((
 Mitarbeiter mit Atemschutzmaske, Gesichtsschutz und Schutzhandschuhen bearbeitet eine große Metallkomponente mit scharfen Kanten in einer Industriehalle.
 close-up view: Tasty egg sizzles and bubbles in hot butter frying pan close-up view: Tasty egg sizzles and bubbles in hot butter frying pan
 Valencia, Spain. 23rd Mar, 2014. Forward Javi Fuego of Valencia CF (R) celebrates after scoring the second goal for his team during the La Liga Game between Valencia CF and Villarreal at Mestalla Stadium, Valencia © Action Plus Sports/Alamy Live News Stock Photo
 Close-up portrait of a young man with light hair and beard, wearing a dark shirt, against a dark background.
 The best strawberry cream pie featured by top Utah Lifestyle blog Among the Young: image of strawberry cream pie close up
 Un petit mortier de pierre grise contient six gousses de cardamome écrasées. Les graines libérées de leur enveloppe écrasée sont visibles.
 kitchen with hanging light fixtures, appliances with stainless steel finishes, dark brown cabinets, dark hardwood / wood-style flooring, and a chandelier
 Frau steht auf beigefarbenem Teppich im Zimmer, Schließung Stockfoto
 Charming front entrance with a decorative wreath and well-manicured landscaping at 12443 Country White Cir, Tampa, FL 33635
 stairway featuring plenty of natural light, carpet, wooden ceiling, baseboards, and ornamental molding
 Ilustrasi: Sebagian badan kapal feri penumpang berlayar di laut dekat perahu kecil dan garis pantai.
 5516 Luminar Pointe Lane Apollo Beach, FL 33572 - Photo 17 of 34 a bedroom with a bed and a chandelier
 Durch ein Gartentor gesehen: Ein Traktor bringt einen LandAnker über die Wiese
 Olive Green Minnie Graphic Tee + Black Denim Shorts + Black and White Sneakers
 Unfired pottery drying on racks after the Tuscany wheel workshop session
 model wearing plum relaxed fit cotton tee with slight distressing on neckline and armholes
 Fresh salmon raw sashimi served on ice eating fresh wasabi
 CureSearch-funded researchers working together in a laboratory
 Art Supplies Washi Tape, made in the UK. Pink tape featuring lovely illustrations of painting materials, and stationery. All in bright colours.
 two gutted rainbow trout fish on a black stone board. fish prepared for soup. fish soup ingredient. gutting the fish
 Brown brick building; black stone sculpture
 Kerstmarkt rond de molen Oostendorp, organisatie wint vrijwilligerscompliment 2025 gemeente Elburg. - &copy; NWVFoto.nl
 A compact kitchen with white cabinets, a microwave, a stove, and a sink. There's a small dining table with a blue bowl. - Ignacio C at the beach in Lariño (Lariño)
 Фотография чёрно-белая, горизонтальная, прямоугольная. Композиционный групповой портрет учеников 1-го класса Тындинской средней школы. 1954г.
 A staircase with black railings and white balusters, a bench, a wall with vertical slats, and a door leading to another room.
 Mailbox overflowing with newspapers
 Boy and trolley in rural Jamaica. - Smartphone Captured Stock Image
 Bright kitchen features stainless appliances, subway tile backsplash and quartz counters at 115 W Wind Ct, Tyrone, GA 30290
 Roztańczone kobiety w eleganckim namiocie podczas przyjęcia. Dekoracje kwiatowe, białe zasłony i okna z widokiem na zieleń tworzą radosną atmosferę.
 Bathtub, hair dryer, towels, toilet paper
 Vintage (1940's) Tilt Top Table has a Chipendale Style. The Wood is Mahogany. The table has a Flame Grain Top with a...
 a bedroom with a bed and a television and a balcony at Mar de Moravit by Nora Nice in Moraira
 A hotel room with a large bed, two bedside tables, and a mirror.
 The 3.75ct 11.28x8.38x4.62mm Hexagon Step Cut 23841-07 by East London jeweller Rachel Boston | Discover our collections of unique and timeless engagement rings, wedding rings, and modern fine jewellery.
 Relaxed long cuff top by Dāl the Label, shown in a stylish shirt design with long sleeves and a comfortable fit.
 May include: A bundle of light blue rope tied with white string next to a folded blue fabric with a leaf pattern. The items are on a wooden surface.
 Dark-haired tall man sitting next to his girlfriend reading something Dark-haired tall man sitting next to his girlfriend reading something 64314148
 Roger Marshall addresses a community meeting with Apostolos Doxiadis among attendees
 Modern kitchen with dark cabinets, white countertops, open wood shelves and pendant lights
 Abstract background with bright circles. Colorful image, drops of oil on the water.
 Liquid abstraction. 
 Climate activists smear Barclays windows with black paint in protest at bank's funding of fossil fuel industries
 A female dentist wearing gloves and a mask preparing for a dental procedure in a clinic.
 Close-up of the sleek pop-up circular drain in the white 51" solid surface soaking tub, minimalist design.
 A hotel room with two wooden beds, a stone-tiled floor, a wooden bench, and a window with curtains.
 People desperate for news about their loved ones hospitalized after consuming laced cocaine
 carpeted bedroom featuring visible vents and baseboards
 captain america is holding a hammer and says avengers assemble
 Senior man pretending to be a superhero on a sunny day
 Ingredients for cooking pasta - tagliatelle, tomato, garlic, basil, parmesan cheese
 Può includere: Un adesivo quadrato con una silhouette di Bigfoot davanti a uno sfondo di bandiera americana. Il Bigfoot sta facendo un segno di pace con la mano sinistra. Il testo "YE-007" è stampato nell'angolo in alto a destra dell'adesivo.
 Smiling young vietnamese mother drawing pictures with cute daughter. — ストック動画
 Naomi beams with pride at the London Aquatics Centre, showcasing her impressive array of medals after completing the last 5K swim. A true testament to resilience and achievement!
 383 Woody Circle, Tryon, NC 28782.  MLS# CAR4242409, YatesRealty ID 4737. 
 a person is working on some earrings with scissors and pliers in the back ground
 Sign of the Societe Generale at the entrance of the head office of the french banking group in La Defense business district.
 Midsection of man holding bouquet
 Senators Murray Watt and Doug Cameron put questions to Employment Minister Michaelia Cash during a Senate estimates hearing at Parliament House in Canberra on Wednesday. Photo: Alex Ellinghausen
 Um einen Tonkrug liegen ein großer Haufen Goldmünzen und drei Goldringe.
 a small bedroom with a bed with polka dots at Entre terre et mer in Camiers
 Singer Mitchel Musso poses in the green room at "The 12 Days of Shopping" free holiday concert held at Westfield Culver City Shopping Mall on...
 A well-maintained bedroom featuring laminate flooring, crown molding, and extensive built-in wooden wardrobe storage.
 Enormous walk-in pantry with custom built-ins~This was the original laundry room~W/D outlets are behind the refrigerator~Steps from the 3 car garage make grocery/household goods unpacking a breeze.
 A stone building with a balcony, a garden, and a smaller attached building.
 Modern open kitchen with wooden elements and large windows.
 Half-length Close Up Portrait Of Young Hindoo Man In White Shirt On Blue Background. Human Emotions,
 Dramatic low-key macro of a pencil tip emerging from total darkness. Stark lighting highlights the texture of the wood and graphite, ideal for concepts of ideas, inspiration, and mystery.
))
Task details: Above are the records; please copy exactly their first line and each line after it through the line containing "kitchen with hanging", and no line after that.

Your response:
 Mitarbeiter mit Atemschutzmaske, Gesichtsschutz und Schutzhandschuhen bearbeitet eine große Metallkomponente mit scharfen Kanten in einer Industriehalle.
 close-up view: Tasty egg sizzles and bubbles in hot butter frying pan close-up view: Tasty egg sizzles and bubbles in hot butter frying pan
 Valencia, Spain. 23rd Mar, 2014. Forward Javi Fuego of Valencia CF (R) celebrates after scoring the second goal for his team during the La Liga Game between Valencia CF and Villarreal at Mestalla Stadium, Valencia © Action Plus Sports/Alamy Live News Stock Photo
 Close-up portrait of a young man with light hair and beard, wearing a dark shirt, against a dark background.
 The best strawberry cream pie featured by top Utah Lifestyle blog Among the Young: image of strawberry cream pie close up
 Un petit mortier de pierre grise contient six gousses de cardamome écrasées. Les graines libérées de leur enveloppe écrasée sont visibles.
 kitchen with hanging light fixtures, appliances with stainless steel finishes, dark brown cabinets, dark hardwood / wood-style flooring, and a chandelier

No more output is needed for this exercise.